Politicians always, in the long run, fail... The question is how badly they fail and whether they are able to do some good along the way until they do so. 

Tony Blair fell from grace due to misleading us all over the Iraq war. David Cameron fell because he lost a referendum over Brexit. Boris Johnson was ousted because he allowed parties in Downing Street while the rest of the country was locked down. George W. Bush pursued a disastrous campaign for regime change in the middle east. Barack Obama started with great hope, won a second term, but didn’t change gun laws and was widely thought to have weakened the US through a failed foreign policy. Joe Biden is thought to have failed because he let inflation grow rampant and allowed American borders become too porous.

Donald Trump will fail too. He may, as he promised, deliver an improved economy. He may stem illegal immigration. That, after all, is why many voted for him. But eventually he will disappoint. So would Kamala Harris if she had won. So will Keir Starmer. And that is not to criticise these particular leaders. Like football managers, they all get sacked in the end, and there are very few who like Sir Alex Ferguson, or Jed Bartlett, get to wave farewell to the crowds at the time of their own choosing. Even then, Fergie’s legacy was tainted by his inability to create a legacy, and Bartlett was, despite our misty-eyed nostalgia, a fictional President.  

It’s always tempting to reach for apocalyptic language at times like this.

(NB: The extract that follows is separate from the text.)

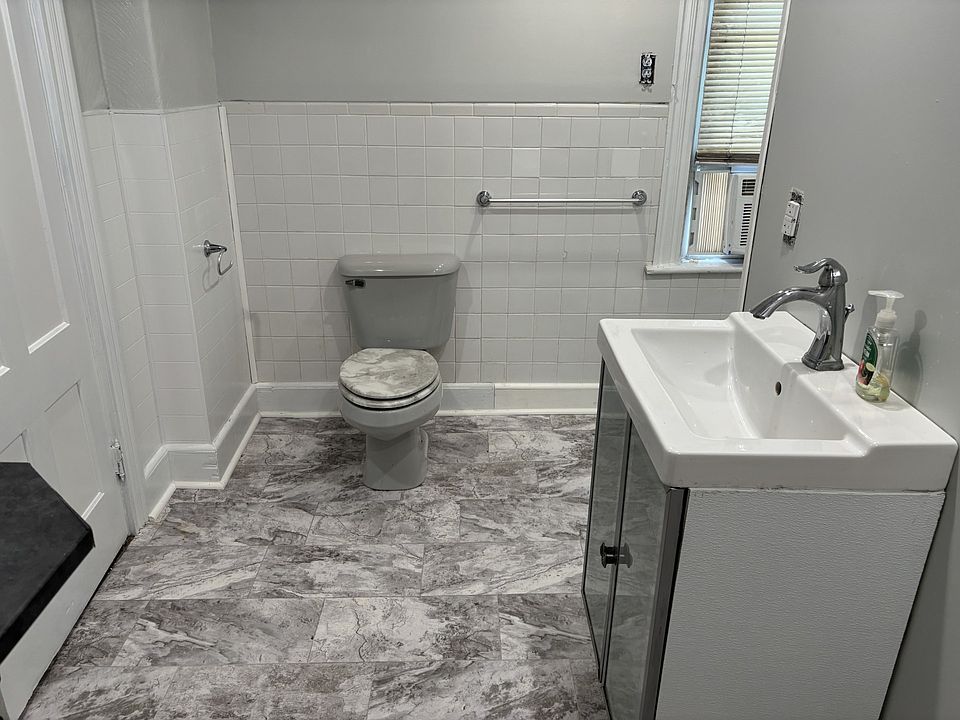 View from laundry area in bath of vanity/toilet. The window provides much natural light and fresh air.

Yet the real meaning of ‘apocalypse’ is ‘revelation’, or ‘unveiling’. Taking the longer view, perhaps the real apocalyptic moment at times like these is the unveiling of the true place of politics – as important, but not ultimately important. These moments reveal the inadequacy of all human kingdoms, and our longing for a different kingdom, a kingdom of ‘righteousness, peace and joy in the Holy Spirit’ as the Bible has it, things that no government or election result can ever deliver.  

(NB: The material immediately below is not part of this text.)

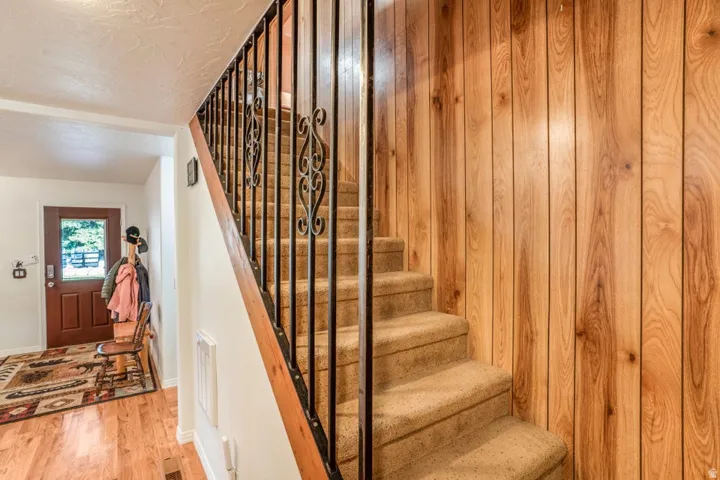 Carpeted staircase with wrought iron balusters and a wood handrail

Politics matters because the way we live together matters. Yet what politics at its best can provide – a well-functioning economy, law and order, managing good international relations - only go so far in enabling a flourishing life. Like returning to a familiar drug that we think we can once and for all make us happy, despite the numerous times it has failed before, we still somehow believe that politics can solve all our problems. “Trump will fix it” said the banners – though in fact that is what every politician promises. Jesus warned: “Many will come in my name and say ‘I am he’, and lead many astray.”  

Most probably, Donald Trump will not be as bad as many fear, and not as good as many hope. Because politics is never the final word. As American theologian, Matthew Burdette put it recently: “The solution to our politics is not a political solution. Voting for the right or the wrong candidate will not change the situation: the devil is happily bipartisan, so long as politics is our idol. No, what is needed is fundamentally and thoroughly spiritual. Only when we can say with the prophet Isaiah that “the nations are like a drop from a bucket, and are accounted as dust on the scales,” that is, only when we can see against the horizon of the ultimate how small are our worries, will these relative, penultimate things like politics be set right and take on their true meaning in our lives.”